Le glissement des contenus aux données

C’est essentiellement à partir de cette question de l’usage des données contenues dans les livres que les juges d’appel ont accordé le bénéfice du fair use à Google, en considérant que le service qu’il offrait à ses utilisateurs était susceptible d’apporter un bénéfice à la société en termes d’accès à la connaissance, justifiant que l’on écarte l’application des droits exclusifs des auteurs.

Mais ce faisant, ce jugement a conjuré une des grandes craintes que l’on pouvait avoir à propos de cette affaire Google Books : il n’a pas accordé une sorte de privilège exclusif sur cette activité au moteur de recherche, bien au contraire. La firme de Mountain View ne sera en effet pas la seule dorénavant aux Etats-Unis à pouvoir numériser des livres protégés pour fournir des services de recherche et de d’exploration de données. Grâce au fair use, cette même faculté a été ouverte à tous ses concurrents commerciaux, aussi bien qu’aux bibliothèques publiques et aux chercheurs académiques. L’issue de l’affaire Google Books va donc créer aux Etats-Unis un véritable écosystème ouvert en faveur de l’exploration de textes, qui libérera le potentiel offert par ces nouvelles technologies d’analyse computationnelle, sans en réserver les bénéfices à un seul acteur.

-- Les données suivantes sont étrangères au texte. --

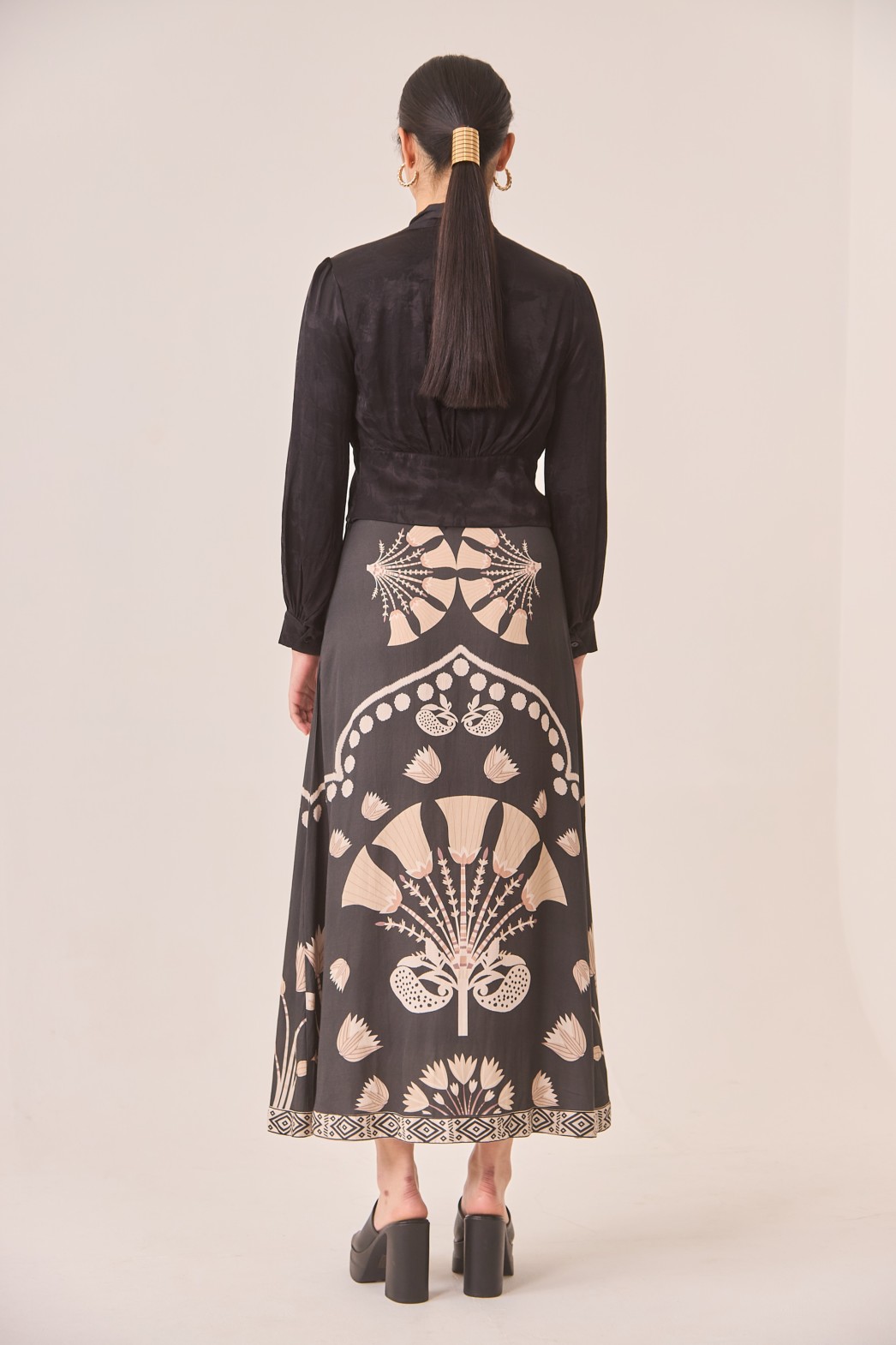 FLORAL MOTIFS BICOLOUR SKIRT 1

La situation outre-Atlantique offre un contraste saisissant avec l’Union européenne, où mis à part l’Angleterre qui a introduit en 2014 une exception en faveur du Text Mining à des fins de recherche, le reste de la zone se débat encore avec la difficulté à réformer le cadre du droit d’auteur. C’est particulièrement vrai pour la France, où la conception « propriétariste » étroite du droit d’auteur qui constitue l’idéologie dominante bloque pour l’instant toute possibilité d’évolution dans le sens des usages.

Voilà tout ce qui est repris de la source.